Anonymizing Data
This page is outdated and no longer receives updates!
Obscuring Names for Demonstration
At times you will want to demonstrate the OpenMRS web application to people outside of your organization. Displaying real patient names would not be very appropriate.
OpenMRS has a built in way to simply obscure all patient's names in the system using your runtime properties:
obscure_patients=false
obscure_patients.given_name=John
obscure_patients.middle_name=P.
obscure_patients.family_name=Smith
Complete Database Anonymizer
When you need to have (nearly) complete HIPAA compliant anonymity of patients and data you need to do a lot of scrubbing to the underlying database.

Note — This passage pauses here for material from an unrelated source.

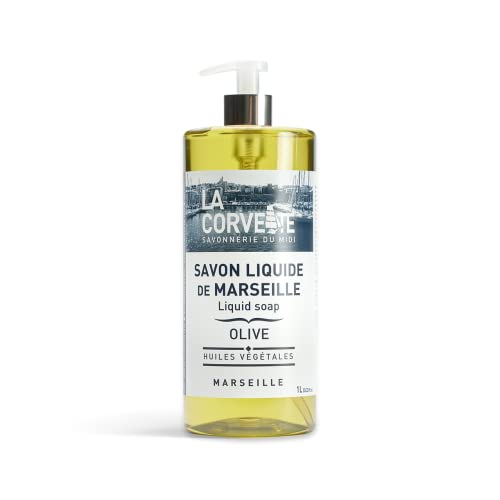 La Corvette Liquid Marseille Soap OLIVE 1L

This archive:anonymizing sql script will scramble your patient names, patient addresses, locations, and any dates stored against patients. User names and passwords will be reset to username-"id" / test.
Do not run this on a live database. Only run this on a copy. Accurate data is impossible to recover from this.
This anonymization may not be fully HIPAA compliant. It is very difficult to truly anonymize (de-identify) data such that someone could not re-identify a patient. People (and a growing number of tools) can come up with clever ways of figuring out identities from supposedly anonymous data. Any free text (comments on observations, observations with text values, or any user-entered text anywhere else in the database) could accidentally reveal a patient's identity. Whenever possible, avoid sharing patient data publicly (even if you think you have anonymized it). If you want/need to share data publicly, be extremely vigilant in ensuring that the data are truly anonymized.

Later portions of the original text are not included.